→ EXERCISE DATA
════════
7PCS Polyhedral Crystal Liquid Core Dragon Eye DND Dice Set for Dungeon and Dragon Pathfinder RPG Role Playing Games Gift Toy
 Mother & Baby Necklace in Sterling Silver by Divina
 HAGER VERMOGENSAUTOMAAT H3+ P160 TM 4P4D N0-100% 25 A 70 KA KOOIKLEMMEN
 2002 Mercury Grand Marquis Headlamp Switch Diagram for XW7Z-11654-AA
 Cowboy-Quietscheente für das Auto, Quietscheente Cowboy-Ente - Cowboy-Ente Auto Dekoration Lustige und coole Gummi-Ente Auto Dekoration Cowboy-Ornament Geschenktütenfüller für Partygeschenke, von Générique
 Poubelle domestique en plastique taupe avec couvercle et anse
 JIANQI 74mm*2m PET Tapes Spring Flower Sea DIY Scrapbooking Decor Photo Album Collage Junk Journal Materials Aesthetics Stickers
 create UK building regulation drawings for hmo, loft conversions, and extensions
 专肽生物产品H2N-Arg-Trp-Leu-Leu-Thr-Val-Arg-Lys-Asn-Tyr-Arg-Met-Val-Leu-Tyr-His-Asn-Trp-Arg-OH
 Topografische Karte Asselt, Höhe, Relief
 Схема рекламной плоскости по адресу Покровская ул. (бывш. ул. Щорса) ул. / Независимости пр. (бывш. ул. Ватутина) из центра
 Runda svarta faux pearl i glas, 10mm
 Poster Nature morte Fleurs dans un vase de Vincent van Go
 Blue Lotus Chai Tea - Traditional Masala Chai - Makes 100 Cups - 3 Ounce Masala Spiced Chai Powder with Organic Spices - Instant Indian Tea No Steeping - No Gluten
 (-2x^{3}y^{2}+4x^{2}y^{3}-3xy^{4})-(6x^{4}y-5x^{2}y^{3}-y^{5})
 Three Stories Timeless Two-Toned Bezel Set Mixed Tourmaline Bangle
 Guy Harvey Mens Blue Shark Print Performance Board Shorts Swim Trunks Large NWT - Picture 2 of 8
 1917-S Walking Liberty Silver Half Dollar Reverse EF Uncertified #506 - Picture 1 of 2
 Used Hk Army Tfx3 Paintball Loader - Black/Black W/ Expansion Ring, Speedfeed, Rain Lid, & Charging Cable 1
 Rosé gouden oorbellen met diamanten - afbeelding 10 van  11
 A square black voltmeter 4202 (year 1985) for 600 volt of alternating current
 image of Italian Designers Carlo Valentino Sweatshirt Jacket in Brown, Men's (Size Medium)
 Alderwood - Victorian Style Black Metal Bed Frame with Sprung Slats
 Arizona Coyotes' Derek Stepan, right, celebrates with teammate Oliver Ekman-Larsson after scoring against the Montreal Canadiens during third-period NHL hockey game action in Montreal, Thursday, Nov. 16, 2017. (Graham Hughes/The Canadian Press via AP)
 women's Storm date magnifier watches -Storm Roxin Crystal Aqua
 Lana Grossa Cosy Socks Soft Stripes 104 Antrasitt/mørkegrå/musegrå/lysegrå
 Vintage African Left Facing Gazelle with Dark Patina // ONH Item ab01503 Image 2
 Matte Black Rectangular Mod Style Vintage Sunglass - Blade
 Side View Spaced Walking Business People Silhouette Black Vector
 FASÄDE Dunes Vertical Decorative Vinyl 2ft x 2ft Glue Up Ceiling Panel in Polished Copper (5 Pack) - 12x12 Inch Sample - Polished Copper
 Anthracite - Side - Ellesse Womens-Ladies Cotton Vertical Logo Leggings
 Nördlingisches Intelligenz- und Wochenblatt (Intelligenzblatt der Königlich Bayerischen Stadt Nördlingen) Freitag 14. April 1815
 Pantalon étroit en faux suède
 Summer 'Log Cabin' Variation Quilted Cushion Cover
════════
→ WHAT YOU SHOULD DO
Starting at the line above that holds "Used Hk Army" and ending at the line that holds "women's Storm date", transcribe each line exactly and include no other lines.

→ OUTPUT
 Used Hk Army Tfx3 Paintball Loader - Black/Black W/ Expansion Ring, Speedfeed, Rain Lid, & Charging Cable 1
 Rosé gouden oorbellen met diamanten - afbeelding 10 van  11
 A square black voltmeter 4202 (year 1985) for 600 volt of alternating current
 image of Italian Designers Carlo Valentino Sweatshirt Jacket in Brown, Men's (Size Medium)
 Alderwood - Victorian Style Black Metal Bed Frame with Sprung Slats
 Arizona Coyotes' Derek Stepan, right, celebrates with teammate Oliver Ekman-Larsson after scoring against the Montreal Canadiens during third-period NHL hockey game action in Montreal, Thursday, Nov. 16, 2017. (Graham Hughes/The Canadian Press via AP)
 women's Storm date magnifier watches -Storm Roxin Crystal Aqua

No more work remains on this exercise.